# Meanwhile at Amazon.......



## HistoryHound (Aug 30, 2008)

Amazon is selling Blue Lives Murder merchandise. I bitched them out 4 days ago, my daughter last night and several of her coworkers (which shows not all liberals are insane) have over the past few days. They have given everyone the "we're looking into it" stock response. I also followed up with cancelling all my auto ship items just to prove I wasn't bluffing. (Yes I know my few thousand dollars a year don't matter to them, but it matters to me.) It dos appear that we're making some headway since I could only find the shirts this morning.


----------



## Sooty (Nov 1, 2018)

That's disgusting.


----------



## mpd61 (Aug 7, 2002)

*What can you say about a corporation that has a penis for a logo*


----------



## CCCSD (Jul 30, 2017)

Dukes of Hazzard getting chopped. Racist car and all that...


----------



## Goose (Dec 1, 2004)

CCCSD said:


> Dukes of Hazzard getting chopped. Racist car and all that...
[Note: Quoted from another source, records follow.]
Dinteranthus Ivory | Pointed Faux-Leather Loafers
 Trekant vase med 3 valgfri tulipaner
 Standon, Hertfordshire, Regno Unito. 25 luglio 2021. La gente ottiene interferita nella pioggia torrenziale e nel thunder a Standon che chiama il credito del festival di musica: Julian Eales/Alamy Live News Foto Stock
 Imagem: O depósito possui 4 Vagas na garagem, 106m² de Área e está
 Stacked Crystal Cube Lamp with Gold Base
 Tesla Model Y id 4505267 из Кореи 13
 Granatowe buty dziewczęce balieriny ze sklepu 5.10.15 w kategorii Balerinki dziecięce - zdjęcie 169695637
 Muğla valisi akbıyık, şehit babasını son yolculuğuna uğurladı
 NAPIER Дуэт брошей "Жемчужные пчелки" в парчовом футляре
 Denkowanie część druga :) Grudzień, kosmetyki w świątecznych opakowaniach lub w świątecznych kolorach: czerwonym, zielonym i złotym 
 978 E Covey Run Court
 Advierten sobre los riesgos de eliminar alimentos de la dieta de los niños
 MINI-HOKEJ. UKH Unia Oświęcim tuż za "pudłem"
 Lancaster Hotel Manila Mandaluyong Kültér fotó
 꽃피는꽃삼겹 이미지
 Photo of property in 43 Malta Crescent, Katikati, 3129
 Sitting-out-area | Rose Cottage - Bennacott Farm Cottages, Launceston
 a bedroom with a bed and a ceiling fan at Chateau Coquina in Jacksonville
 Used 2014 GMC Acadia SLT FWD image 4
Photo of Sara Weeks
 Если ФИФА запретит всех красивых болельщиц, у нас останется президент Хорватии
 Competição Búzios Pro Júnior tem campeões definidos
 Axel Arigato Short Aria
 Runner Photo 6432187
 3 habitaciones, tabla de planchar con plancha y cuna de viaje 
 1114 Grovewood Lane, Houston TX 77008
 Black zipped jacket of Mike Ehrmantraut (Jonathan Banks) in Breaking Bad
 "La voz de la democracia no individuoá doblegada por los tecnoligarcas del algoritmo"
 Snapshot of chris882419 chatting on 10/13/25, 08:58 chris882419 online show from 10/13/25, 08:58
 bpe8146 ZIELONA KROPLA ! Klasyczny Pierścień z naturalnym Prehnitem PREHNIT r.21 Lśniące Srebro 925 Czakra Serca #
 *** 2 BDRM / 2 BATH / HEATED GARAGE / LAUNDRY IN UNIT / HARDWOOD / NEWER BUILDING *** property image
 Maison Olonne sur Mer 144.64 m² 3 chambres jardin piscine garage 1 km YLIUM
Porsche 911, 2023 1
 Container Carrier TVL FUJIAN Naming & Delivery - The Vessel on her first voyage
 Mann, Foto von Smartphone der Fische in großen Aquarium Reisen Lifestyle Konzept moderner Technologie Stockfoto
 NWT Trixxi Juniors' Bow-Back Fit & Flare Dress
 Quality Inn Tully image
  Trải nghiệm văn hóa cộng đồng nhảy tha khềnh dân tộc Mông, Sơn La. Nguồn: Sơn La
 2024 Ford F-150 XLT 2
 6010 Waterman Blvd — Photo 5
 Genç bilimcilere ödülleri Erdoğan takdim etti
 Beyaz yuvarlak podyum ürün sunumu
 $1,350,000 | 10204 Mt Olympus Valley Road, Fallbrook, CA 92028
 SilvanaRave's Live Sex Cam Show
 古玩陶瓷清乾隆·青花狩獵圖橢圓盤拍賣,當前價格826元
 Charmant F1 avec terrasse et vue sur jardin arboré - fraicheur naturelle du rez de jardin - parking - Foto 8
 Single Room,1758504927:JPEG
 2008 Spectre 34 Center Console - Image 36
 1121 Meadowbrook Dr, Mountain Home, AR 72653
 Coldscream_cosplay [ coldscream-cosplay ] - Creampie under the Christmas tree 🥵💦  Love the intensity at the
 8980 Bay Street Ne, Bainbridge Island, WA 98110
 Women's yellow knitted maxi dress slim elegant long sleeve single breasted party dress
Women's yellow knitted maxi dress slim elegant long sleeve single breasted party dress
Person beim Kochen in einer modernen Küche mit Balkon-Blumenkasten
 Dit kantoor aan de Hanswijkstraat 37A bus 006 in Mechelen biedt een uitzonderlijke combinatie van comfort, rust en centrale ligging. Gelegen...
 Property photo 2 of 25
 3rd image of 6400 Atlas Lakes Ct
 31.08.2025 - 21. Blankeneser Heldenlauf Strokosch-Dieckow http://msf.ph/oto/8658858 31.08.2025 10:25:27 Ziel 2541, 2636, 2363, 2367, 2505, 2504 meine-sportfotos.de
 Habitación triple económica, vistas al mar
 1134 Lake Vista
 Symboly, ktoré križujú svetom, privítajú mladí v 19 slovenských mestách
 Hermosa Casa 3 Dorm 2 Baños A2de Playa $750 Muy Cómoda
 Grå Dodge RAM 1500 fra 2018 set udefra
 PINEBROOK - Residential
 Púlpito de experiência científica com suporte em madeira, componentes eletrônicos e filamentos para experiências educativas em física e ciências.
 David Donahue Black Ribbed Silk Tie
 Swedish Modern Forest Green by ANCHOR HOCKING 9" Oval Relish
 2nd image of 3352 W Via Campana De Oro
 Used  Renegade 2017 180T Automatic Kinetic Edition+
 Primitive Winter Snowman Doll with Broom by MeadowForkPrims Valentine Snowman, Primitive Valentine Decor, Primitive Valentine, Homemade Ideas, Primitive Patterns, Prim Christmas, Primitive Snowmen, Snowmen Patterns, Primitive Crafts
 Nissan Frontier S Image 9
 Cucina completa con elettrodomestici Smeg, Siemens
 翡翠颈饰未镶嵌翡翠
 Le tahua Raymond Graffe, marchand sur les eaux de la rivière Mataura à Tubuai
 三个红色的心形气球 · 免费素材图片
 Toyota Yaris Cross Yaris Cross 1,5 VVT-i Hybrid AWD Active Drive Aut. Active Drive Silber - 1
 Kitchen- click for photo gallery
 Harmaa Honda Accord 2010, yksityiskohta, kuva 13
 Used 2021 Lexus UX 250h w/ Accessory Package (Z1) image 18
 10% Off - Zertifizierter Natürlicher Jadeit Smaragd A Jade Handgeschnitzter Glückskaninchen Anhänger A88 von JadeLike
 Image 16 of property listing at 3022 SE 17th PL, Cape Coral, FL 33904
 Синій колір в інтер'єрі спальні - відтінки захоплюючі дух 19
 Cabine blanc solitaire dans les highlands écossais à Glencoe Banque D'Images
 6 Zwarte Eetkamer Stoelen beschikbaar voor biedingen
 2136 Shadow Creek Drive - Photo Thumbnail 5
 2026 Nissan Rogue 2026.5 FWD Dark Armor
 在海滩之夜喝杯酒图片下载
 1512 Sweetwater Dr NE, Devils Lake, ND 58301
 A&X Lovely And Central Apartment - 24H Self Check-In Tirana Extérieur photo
I think they took the flag off the roof for the movie.


----------



## RodneyFarva (Jan 18, 2007)

Goose said:


> I think they took the flag off the roof for the movie.


They played into it.


----------



## Kilvinsky (Jan 15, 2007)

mpd61 said:


> *What can you say about a corporation that has a penis for a logo*


*I KNEW I wasn't the only one who noticed that!*


----------



## HistoryHound (Aug 30, 2008)

Update: After another chat with customer service last night it appears that Amazon has removed all of the items.


----------